(Task details) This exercise calls for every record to be returned exactly, with pictures removed.

Extracted data entries
§
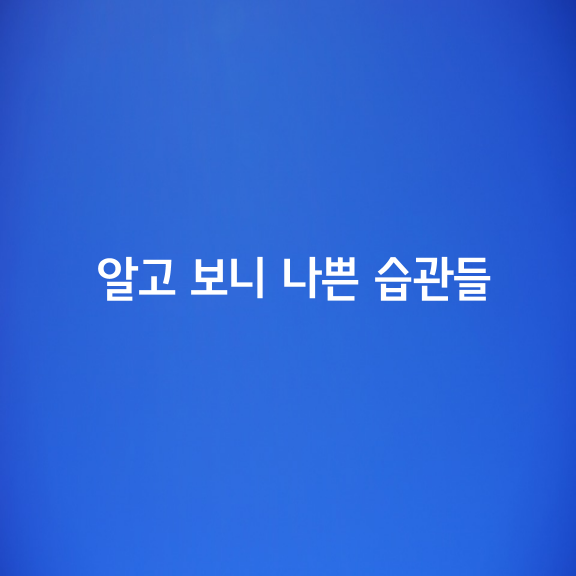 좋은 줄 알았는데 알고 보니 나쁜 습관 7가지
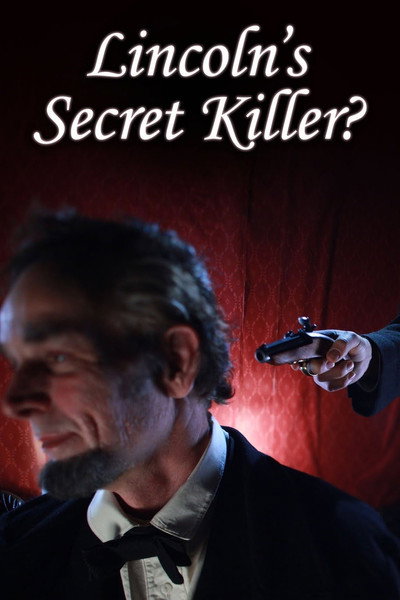 Póster de Lincoln's Secret Killer?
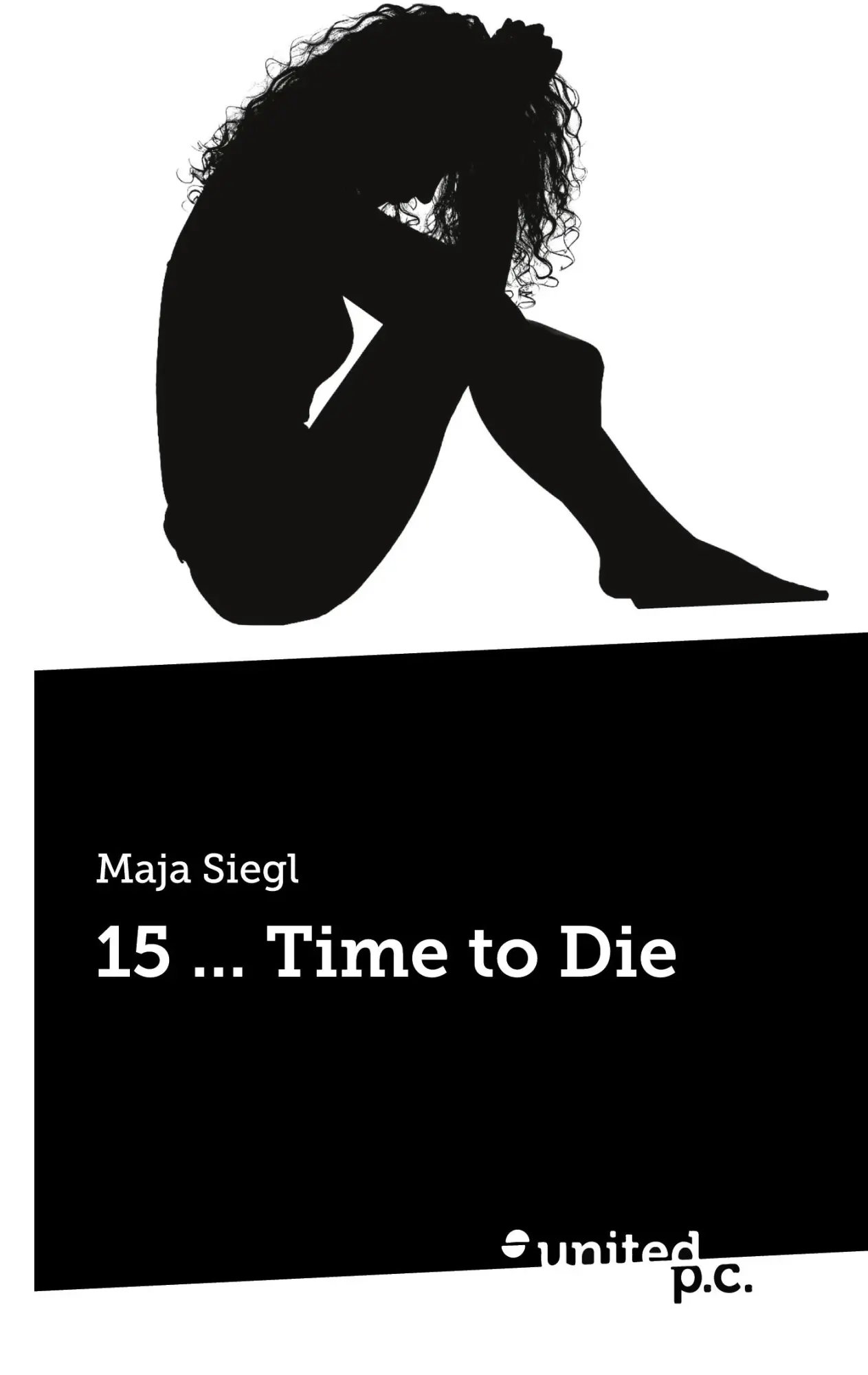 Cover: 9783710315039 | 15 ... Time to Die | Maja Siegl | Taschenbuch | 330 S. | Deutsch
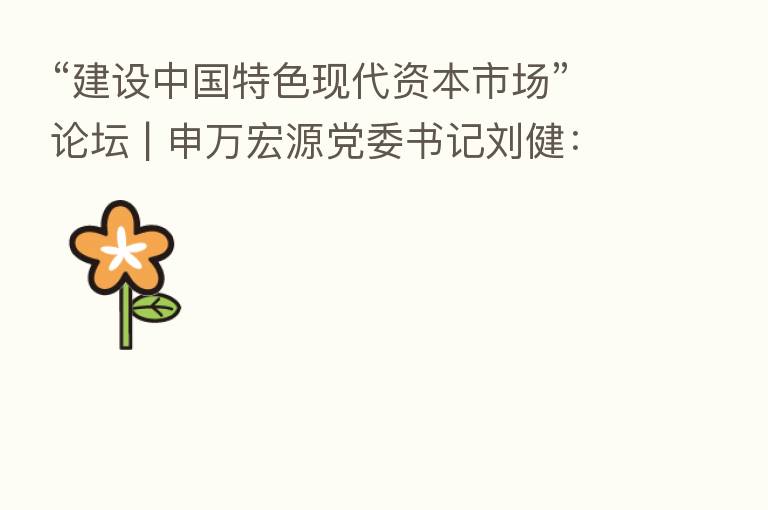 “建设中国特色现代资本市场”论坛 | 申万宏源党委书记刘健:坚持政治性、人民性 全面提升证券行业服务力
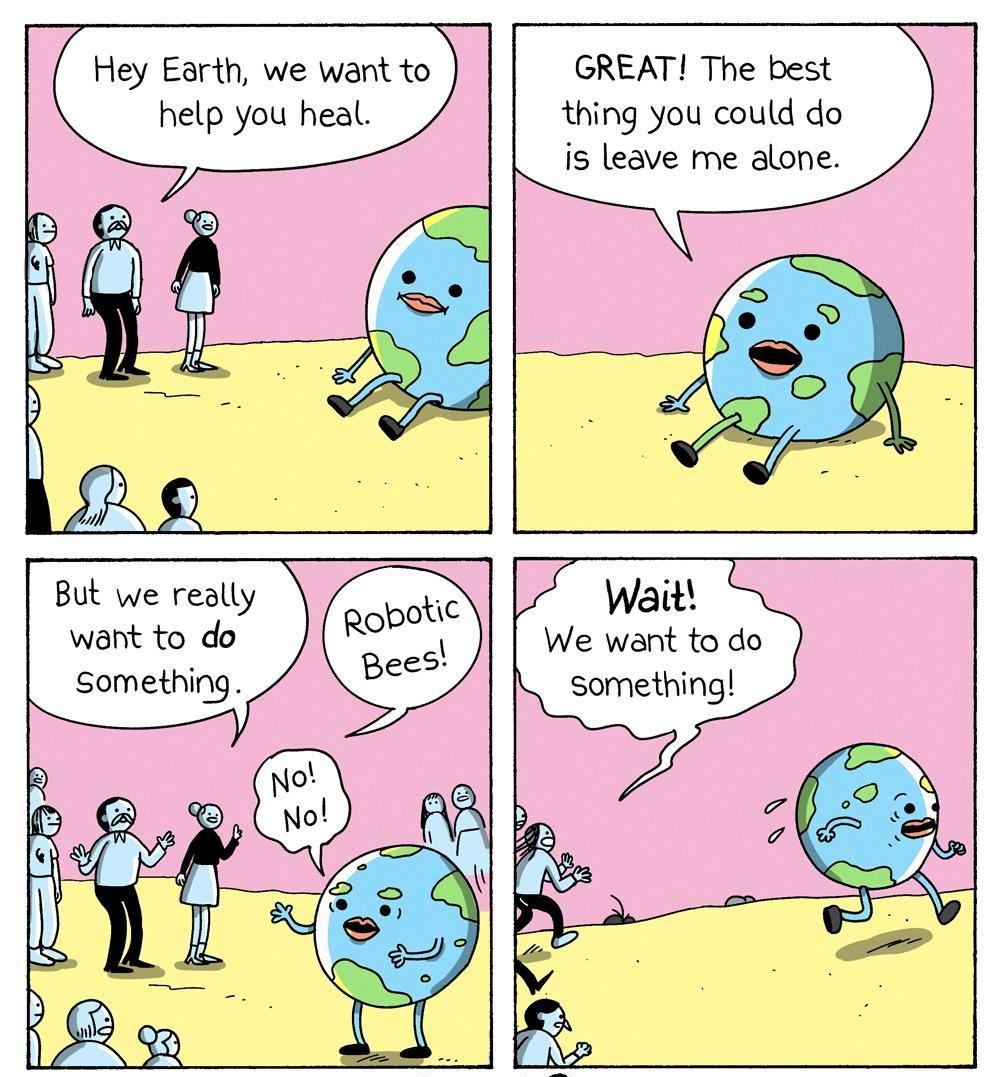 Hey Earth we want to help you heal GREAT The best thing you could do is leave me alone But we really want to do Something Wait We want to do something
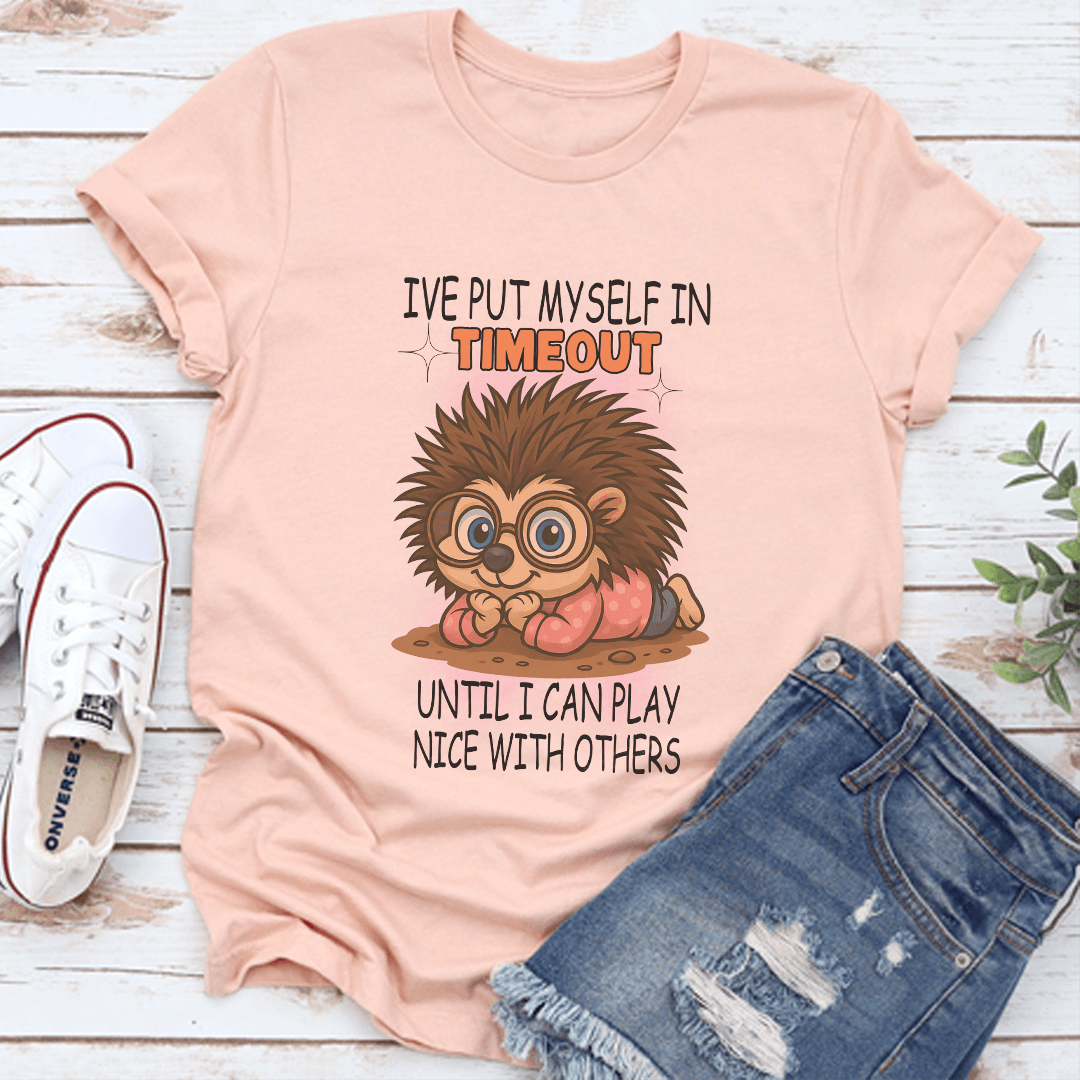 I've Put Myself In Timeout Until I Can Play Nice With Others Tee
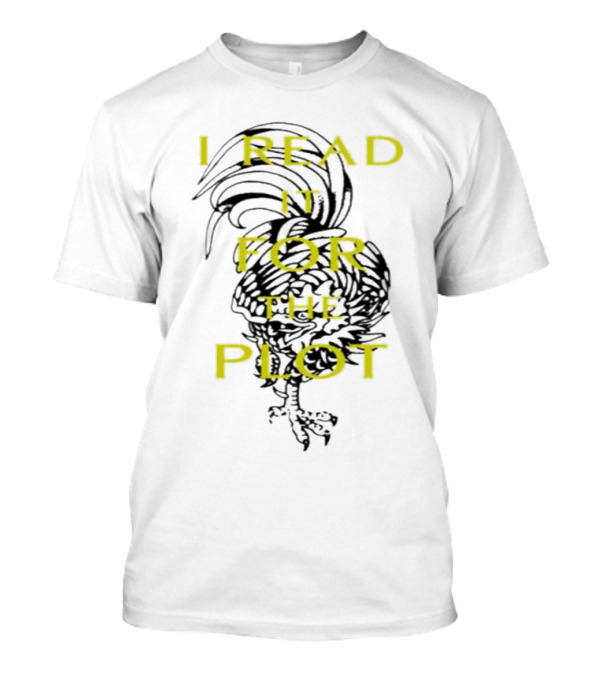 I Read It For The Plot Rooster T-Shirt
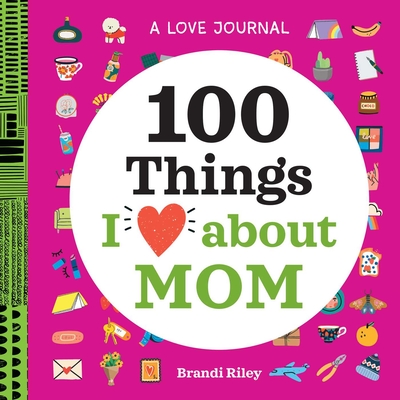 A Love Journal: 100 Things I Love about Mom (100 Things I Love About You Journal )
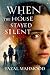 WHEN THE HOUSE STAYED SILEN...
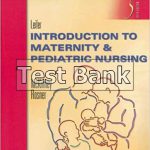 Study Guide for Introduction to Maternity and Pediatric Nursing 5th Edition Leifer Test Bank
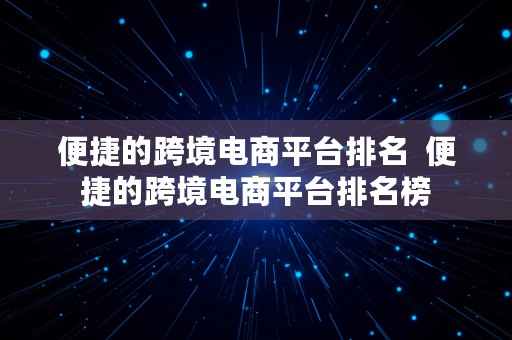 便捷的跨境电商平台排名  便捷的跨境电商平台排名榜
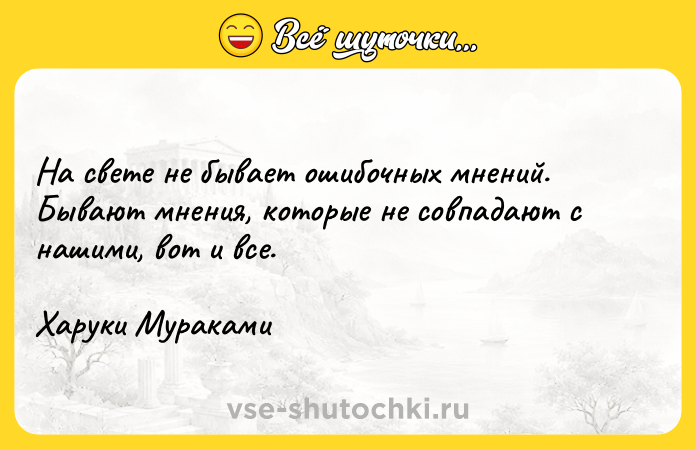Цитата: На свете не бывает ошибочных мнений. Бывают мнения, которые не совпадают с нашими, вот и все. Харуки Мураками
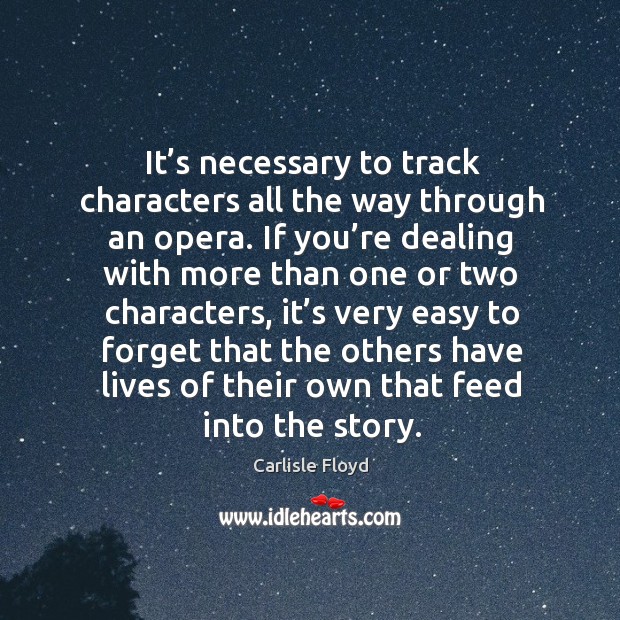 It’s necessary to track characters all the way through an opera. Carlisle Floyd Picture Quote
§
(Answer section)
 좋은 줄 알았는데 알고 보니 나쁜 습관 7가지
 Póster de Lincoln's Secret Killer?
 Cover: 9783710315039 | 15 ... Time to Die | Maja Siegl | Taschenbuch | 330 S. | Deutsch
 “建设中国特色现代资本市场”论坛 | 申万宏源党委书记刘健:坚持政治性、人民性 全面提升证券行业服务力
 Hey Earth we want to help you heal GREAT The best thing you could do is leave me alone But we really want to do Something Wait We want to do something
 I've Put Myself In Timeout Until I Can Play Nice With Others Tee
 I Read It For The Plot Rooster T-Shirt
 A Love Journal: 100 Things I Love about Mom (100 Things I Love About You Journal )
 WHEN THE HOUSE STAYED SILEN...
 Study Guide for Introduction to Maternity and Pediatric Nursing 5th Edition Leifer Test Bank
 便捷的跨境电商平台排名  便捷的跨境电商平台排名榜
Цитата: На свете не бывает ошибочных мнений. Бывают мнения, которые не совпадают с нашими, вот и все. Харуки Мураками
 It’s necessary to track characters all the way through an opera. Carlisle Floyd Picture Quote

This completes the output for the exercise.